# just found cresent bike 189?'s



## redline1968 (Oct 28, 2008)

just picked up a original cresent mens bike.   thought i show some picks. it is all original  and complete but the badge is gone. I know its a cresent because of the outline of the badge.  the paint is original and still has the original green pinstripes. not quite sure of the date. any ideas?


----------



## PCHiggin (Oct 29, 2008)

Nice original. Is that a coaster brake rear hub? What make is it? Thanks


----------



## redline1968 (Oct 29, 2008)

fixed gear no brakes.  the name that i found is  called crescent. it is a cool bike.


----------



## PCHiggin (Oct 29, 2008)

redline1968 said:


> fixed gear no brakes.  the name that i found is  called crescent. it is a cool bike.

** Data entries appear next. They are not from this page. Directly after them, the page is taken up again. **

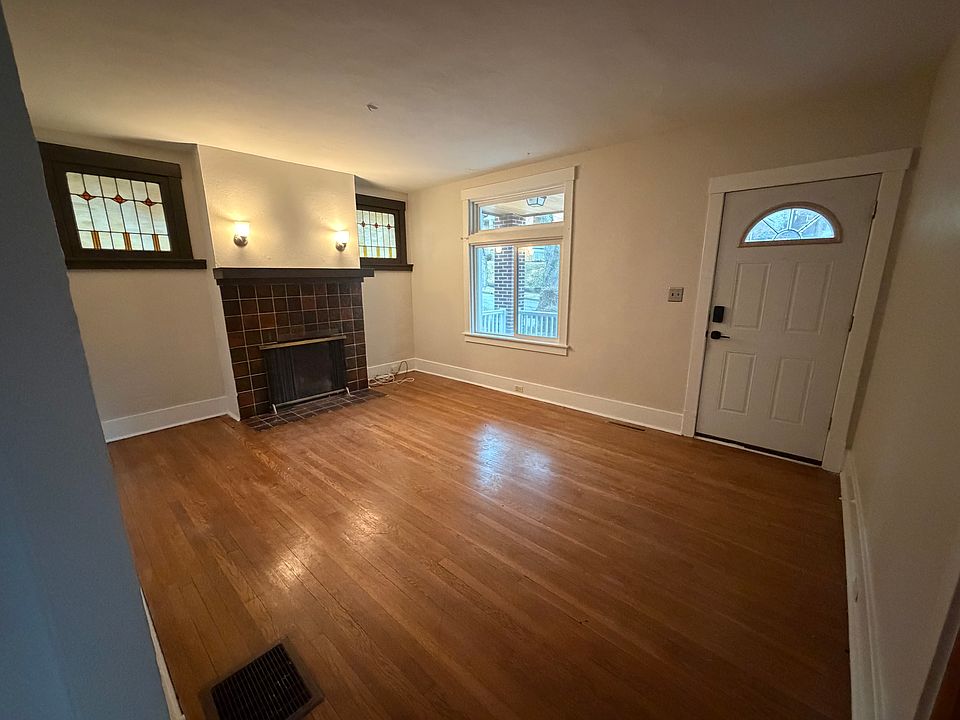 1st image of 472 S Meadowcroft Ave #470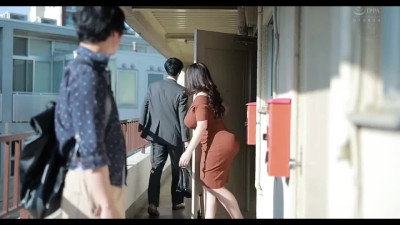 Really Thicc Japanese Wife Cheats On Her Hubby With a Neighbour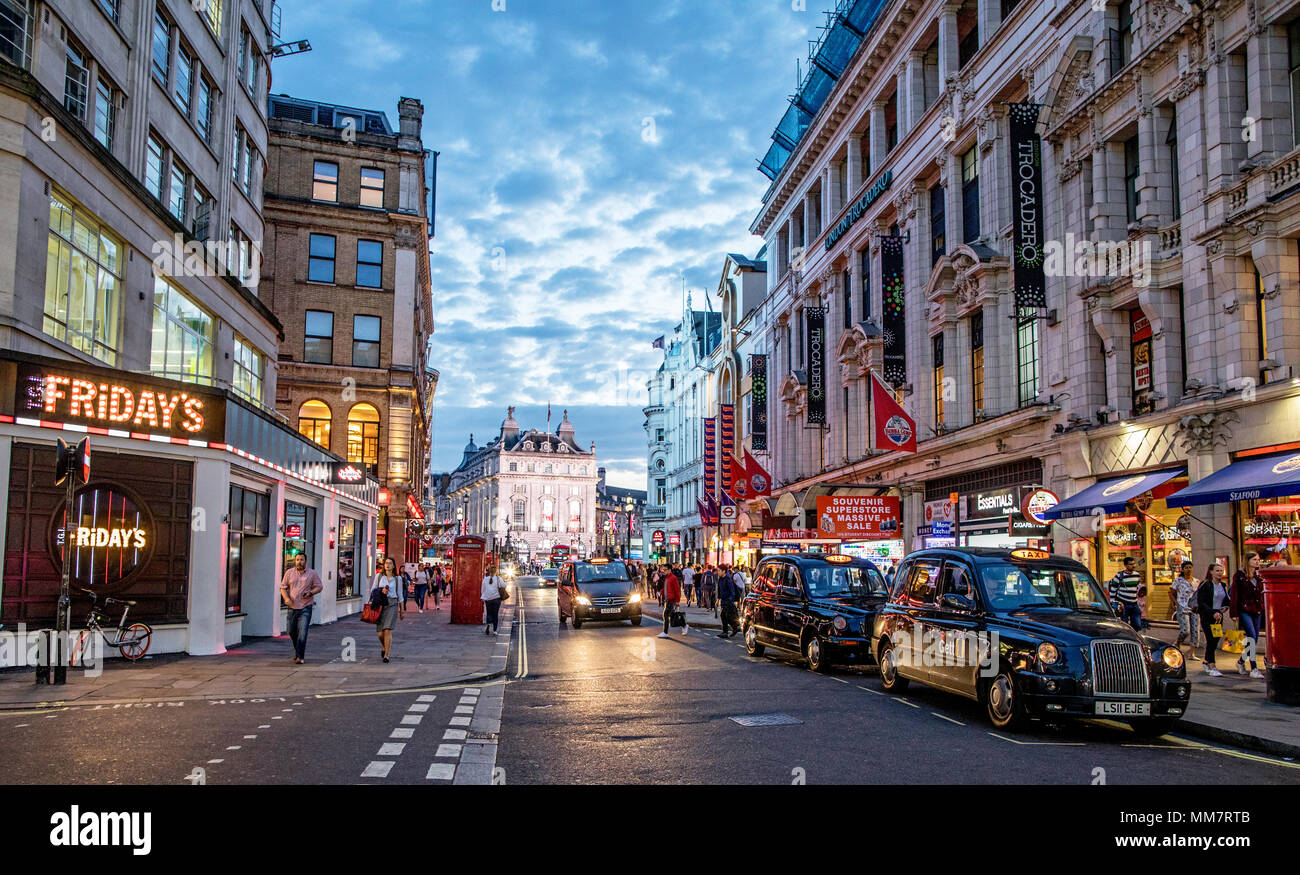 West End de Londres la nuit UK Banque D'Images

I was curious who made the rear hub


----------



## pelletman (Oct 29, 2008)

1898 ish  plus or minus a couple but not plus too much. Capish?  Is it a big frame?  What are you gonna do with it?


----------



## redline1968 (Oct 30, 2008)

fondle it, cradle it,  just joking! i will keep it. yes, large frame and very light weight. thanks for the date/ time frame. I kinda fiqured it was close to 1900.  there is no name on the hubs


----------